On Fri, Sep 19, 2014 at 10:24 AM, Adam Harvey <ahar...@php.net> wrote:

> On 19 September 2014 02:58, Chris Wright <c...@daverandom.com> wrote:
> > On 18 September 2014 20:29, Kris Craig <kris.cr...@gmail.com> wrote:
> >> Hey guys,
> >>
> >> I just spent some time troubleshooting what appeared to be a DNS issue
> >> before I realized that, absent the optional $type argument, checkdnsrr()
> >> defaults to "MX".  Can anybody explain why it's defaulting to "MX" and
> not
> >> "ANY"?  It seems really counter-intuitive.
> >
> > This is a big wtf, especially since getmxrr() exists.
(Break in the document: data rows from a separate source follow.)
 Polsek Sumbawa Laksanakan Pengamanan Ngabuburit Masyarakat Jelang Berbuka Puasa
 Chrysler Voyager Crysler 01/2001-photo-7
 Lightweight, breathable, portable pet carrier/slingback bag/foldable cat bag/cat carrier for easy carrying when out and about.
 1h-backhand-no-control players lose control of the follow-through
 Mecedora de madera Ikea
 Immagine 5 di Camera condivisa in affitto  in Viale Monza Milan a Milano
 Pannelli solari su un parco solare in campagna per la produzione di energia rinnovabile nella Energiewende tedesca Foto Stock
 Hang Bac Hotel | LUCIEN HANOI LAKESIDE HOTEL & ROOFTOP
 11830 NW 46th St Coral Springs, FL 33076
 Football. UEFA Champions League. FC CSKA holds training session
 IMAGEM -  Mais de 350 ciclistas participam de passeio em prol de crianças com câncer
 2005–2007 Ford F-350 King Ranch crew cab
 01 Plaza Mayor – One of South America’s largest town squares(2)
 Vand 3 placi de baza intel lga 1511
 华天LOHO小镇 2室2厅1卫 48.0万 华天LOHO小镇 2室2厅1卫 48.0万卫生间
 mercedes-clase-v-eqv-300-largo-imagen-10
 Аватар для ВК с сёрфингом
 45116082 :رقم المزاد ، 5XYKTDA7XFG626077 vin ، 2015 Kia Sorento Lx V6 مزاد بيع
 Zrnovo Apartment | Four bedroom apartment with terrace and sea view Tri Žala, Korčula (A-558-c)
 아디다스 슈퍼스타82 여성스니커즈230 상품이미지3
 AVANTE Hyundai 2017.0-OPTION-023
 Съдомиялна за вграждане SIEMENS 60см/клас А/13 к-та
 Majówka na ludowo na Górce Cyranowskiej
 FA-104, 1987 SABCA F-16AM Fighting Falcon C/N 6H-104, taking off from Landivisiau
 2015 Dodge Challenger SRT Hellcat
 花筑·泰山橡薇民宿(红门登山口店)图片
A cursory search
> > of github (not the best measure I know, but easy) reveals only a few
> > cases where this function is called without the second argument, and
> > every case I've found looks like they were expecting an A record, so
> > this code is likely broken anyway.
> >
> > In other words, +1 to change this to something saner ASAP.
>
> As an alternative, could we just make the type argument mandatory in
> PHP 7 and start issuing E_DEPRECATED warnings if it's omitted in 5.6
> or 5.7?
>
> Adam
>

I like both ideas.  Adam's approach would be more inconvenient for
developers, but it would also be less of a BC issue since merely changing
the default could cause some existing code to fail silently as opposed to
generating an error.  On the other hand, I can't think of any such use case
in which checking all DNS entries instead of just MX would cause any
scripts to break.  The only possible scenario I can think of would be if
they're using dnsrr() to check if an MX record exists and hit a host that
has an A record but not MX.  That would cause it to return TRUE when
they're expecting FALSE.

I'll draft an RFC when I get a chance and include both options in it.